The party's platform was decided on by a vote — again via Facebook — and includes hot-button issues such as gay marriage (for it) gun control (tighten it), abortion (a woman's decision), immigration (reform it), energy (green it), and the economy (legalize recreational drugs to create revenue and jobs).

Currently, the NAP is registered with the Internal Revenue Service as a 527 political party, which means it is a nonprofit that can put money behind issues, but not behind specific candidates. Boyle hopes his party will support candidates sometime in the future.

There could be quite a wait. A November poll conducted by the Public Religion Research Institute found that 67 percent of Americans said they would be "uncomfortable" with an atheist in the White House.

In 2007, the Pew Research Center found that a candidate who doesn't believe in God would have the hardest time gaining support from voters, with 63 percent "less likely to support" an atheist, outranking a gay candidate (46 percent), a philanderer (39 percent) or a Mormon (30 percent).

To date, only one "out" atheist serves in Congress, Rep. Pete Stark, a California Democrat.

"Relative to other religious minority groups, atheists tend to anchor the low end of the favorability scale," said Robert P. Jones, CEO of Public Religion Research Institute, who ties it to the Cold War image of "godless communism."

John Green, a political scientist at the University of Akron and an expert on religion and politics, says the NAP may be the first U.S. political party to organize itself around atheism. But such issues-based parties have a long history of dotting the American political landscape — before disappearing.

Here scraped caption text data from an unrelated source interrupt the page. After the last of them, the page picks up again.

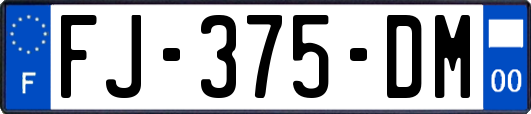 FJ-375-DM
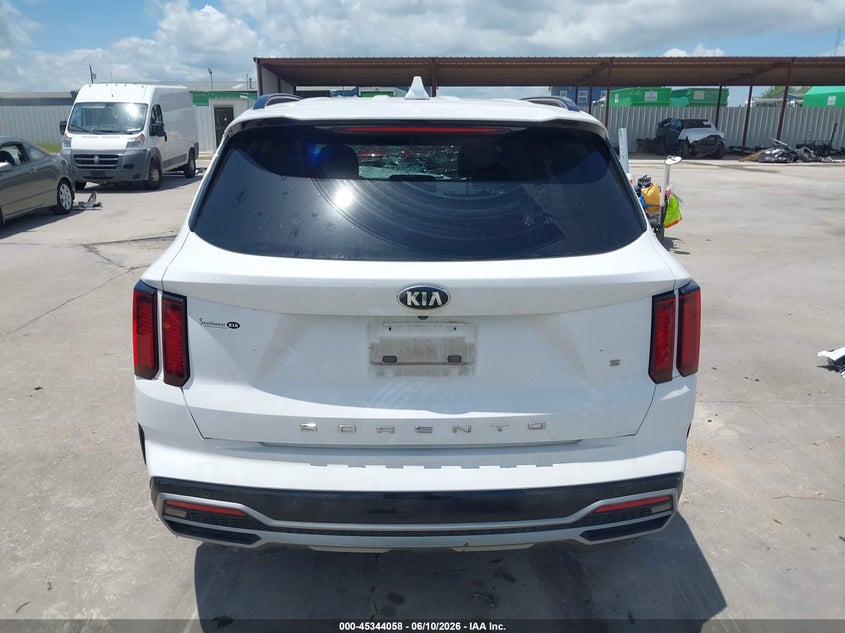 2021 Kia Sorento S VIN: 5XYRL4LC5MG010910 Lot: 45344058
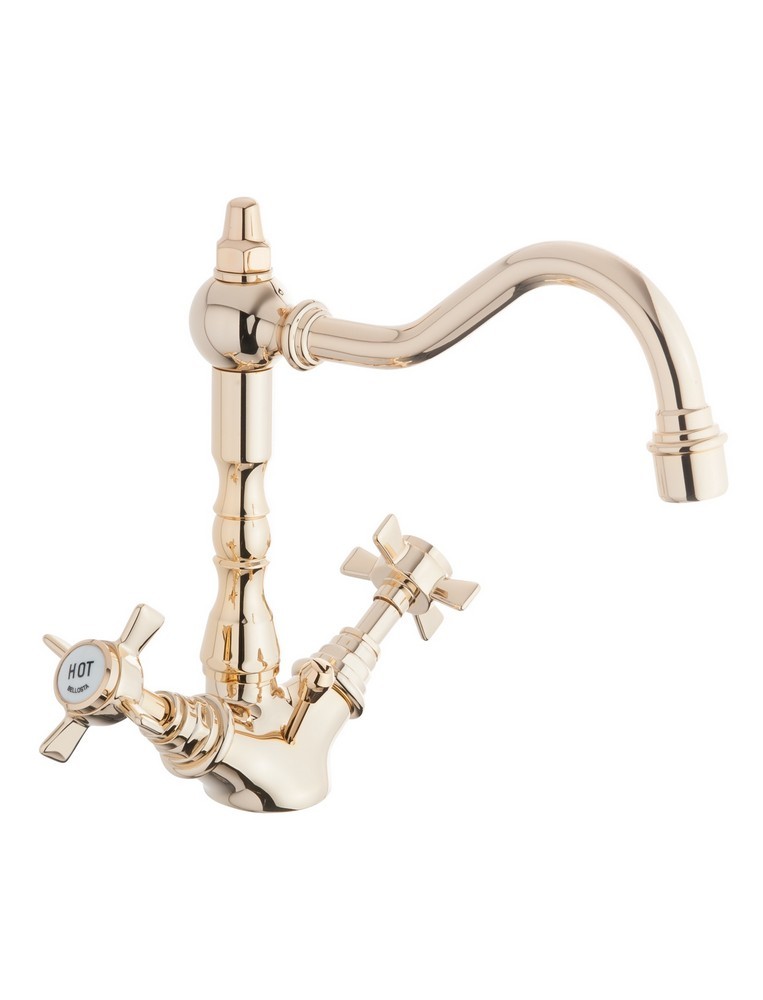 B3-120/A Bellosta Rubinetterie БЛОК УМЫВАЛЬНИКА С ОДНЫМ ОТВЕРСТИЕМ 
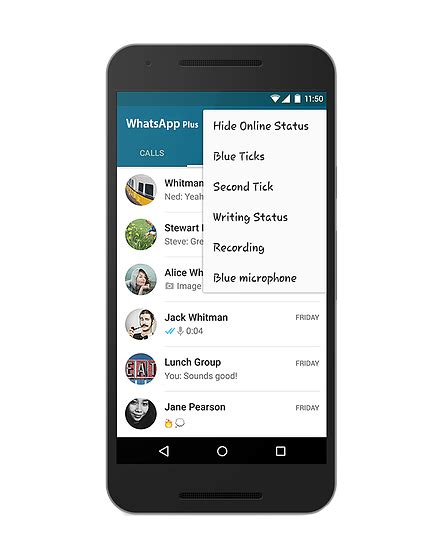 Blue whatsapp plus is developed by fouad. Download WhatsApp PLUS 6.70 | Blue microphones, Microphone ...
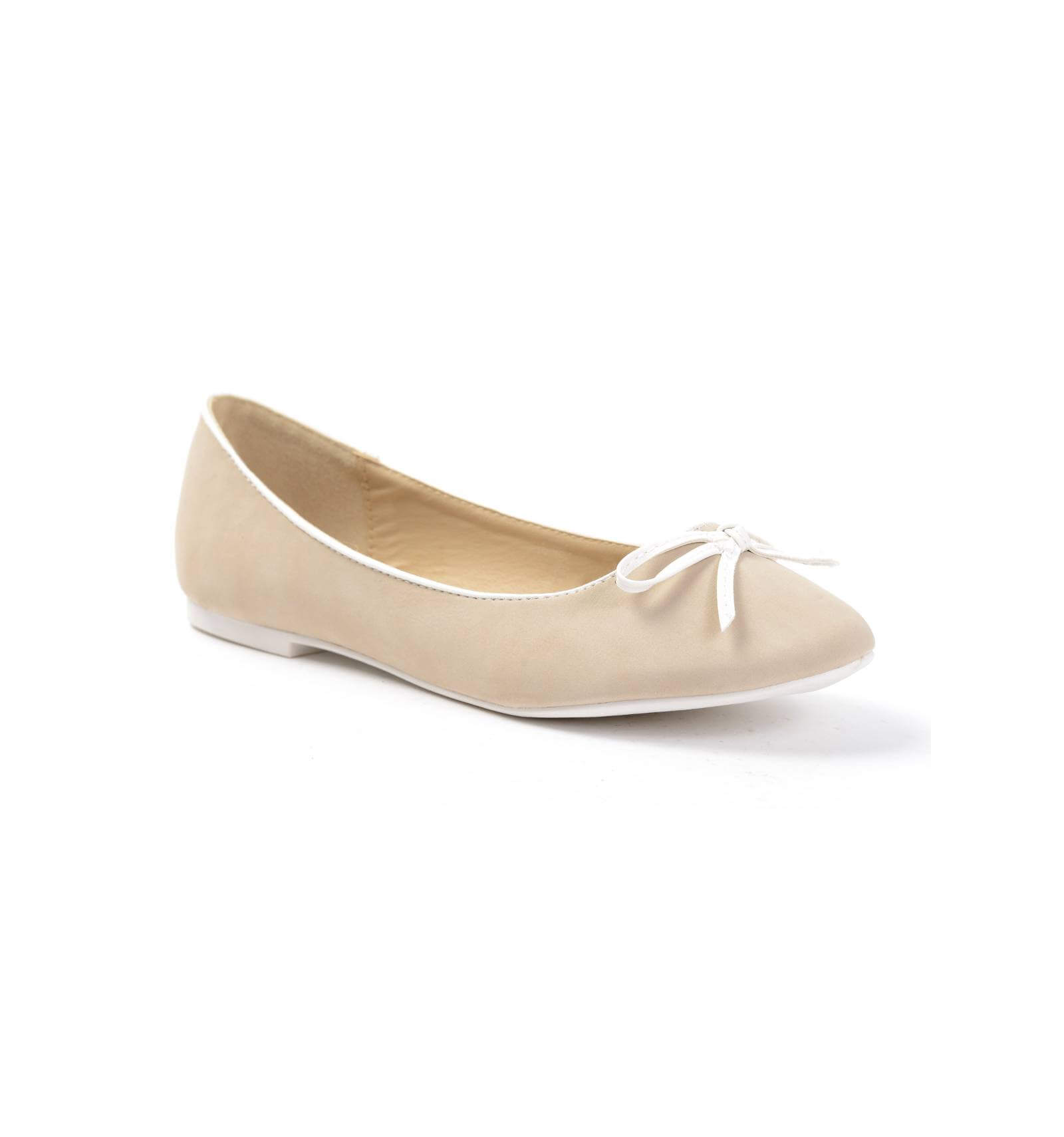 Ballerines rose femme plates MONCEAU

Sometimes, their concerns are absorbed by a major party, Green said, and other times, they fade away.

"One of the reasons it is hard for a minor party to sustain itself is they don't win very much," Green said. "It is easier to keep people interested when it comes to ideas — you follow them on Facebook, subscribe to their magazine and you go to their convention. That is an easier thing to do than to try and mobilize millions of voters."

None of this fazes Boyle, who says donations are coming in and membership is growing.

"We know we are a minority and we know that is not likely to change in the near future," he said. "We simply want the right to exist. And if that doesn't turn into a majority landslide of popular support, whoever thought it was going to? But an election on an issue or on a candidate can be swayed by a small group of people. ... In two or 10 or 20 years, who knows how many of us there will be and when we vote on an issue, it will matter."